This past weekend was Wags n Whiskers weekend, a big dog event that happens in Shirlington every year…I remember it well, because it was the last weekend I went to Lucky Dog adoption events before they got hard for me.
Wags ‘n Whiskers is also where I met my “forever” family. When I moved in with this family, they signed a form and got me a new collar and leash, and an ID tag with a new name. I figured this place would be special because it was so official looking with the paperwork, and I wanted to hold onto it for as long and hard as I could.
I think maybe I tried to hold on too hard, and I got to be really scared of the things outside my “forever” home. I got scared the scary things would hurt them, or that they would hurt me. The “forever” family took me to a vet who kept touching me in ways I didn’t like, and strange people kept coming up to so fast that I didn’t know what to do but bark and lunge and tell them to please give me space. The vet called me some choice words, among them that I was “aggressive toward everything” and “aggressive without warning”. He said that I was “dangerous to my family and to the public.” He said things like that I shouldn’t be allowed to go to the dog park (one of my favorite places on Earth) and that I should not be approached when eating.
That A word was used a lot, and if I’m being honest, it still hurts my feelings when I think about it.
My “forever” family kept trying to force me to meet new people after a few days. I kept getting scared and asking the new scary people to go away as loudly as I could. I thought maybe the “forever” family couldn’t hear me or didn’t understand me, so I yelled louder. My “forever” family said they were afraid of me, and the scary vet called them to say they should return me. He said that I would turn on them without warning. I didn’t know how to show them that I was really the most afraid of all, and just wanted for them to help me feel safe. They started calling me the A word that the scary vet did, and they said they couldn’t keep me anymore.

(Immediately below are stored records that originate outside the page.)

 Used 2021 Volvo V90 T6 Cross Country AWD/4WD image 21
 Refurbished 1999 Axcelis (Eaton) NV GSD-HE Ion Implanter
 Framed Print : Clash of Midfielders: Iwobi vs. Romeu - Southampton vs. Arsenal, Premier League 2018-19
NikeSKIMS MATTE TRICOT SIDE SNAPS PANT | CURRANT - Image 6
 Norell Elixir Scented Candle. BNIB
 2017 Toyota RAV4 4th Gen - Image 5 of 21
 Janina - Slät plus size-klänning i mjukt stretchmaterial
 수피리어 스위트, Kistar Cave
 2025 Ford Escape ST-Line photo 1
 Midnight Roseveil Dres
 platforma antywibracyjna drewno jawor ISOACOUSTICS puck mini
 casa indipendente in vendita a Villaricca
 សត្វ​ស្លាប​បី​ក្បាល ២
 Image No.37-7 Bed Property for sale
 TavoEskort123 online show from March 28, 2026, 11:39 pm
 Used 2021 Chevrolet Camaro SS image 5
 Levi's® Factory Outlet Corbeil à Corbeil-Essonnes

I started to think forever wasn’t really anything special. Or maybe I just didn’t understand forever after all.
I got bounced back to the foster care system, and after a few days in doggy daycare, I got picked up to go to another house by a lady, a man, and a little dog.
I worried that like the homes that came before it, I wouldn’t stay very long.
But I stayed. I stayed longer than I ever had stayed in a home before. It was a foster home, but it felt the most real out of the other homes I went to before. When I barked and pulled to get at the scary things so they would leave us alone, they didn’t act afraid of me. Instead, they tried to help me learn that the things weren’t scary, but until I could really learn that, they would work to protect me from them. When they brought me to daycare to play with friends, they came back for me.
Sometimes they made mistakes, but I forgave them. Sometimes, I made mistakes, but they forgave me.
I started remembering that smiling is my favorite.
It’s been a year since I went to my “forever” home, and for awhile after that, I didn’t believe much in forever, but the foster lady kept saying she was going to help me find it. Then one day, the foster lady came home and gave me a new collar. She said that I deserved forever, and said that she would teach me forever. For real forever. And she said I could call her Mama from now on.
Trainer people say that dogs learn best when you show them what you mean, and then pair it with a word after they learn the action. I didn’t understand forever at first, but I sure do understand it now.
I think maybe that’s because my family showed me what it meant before they gave it a name.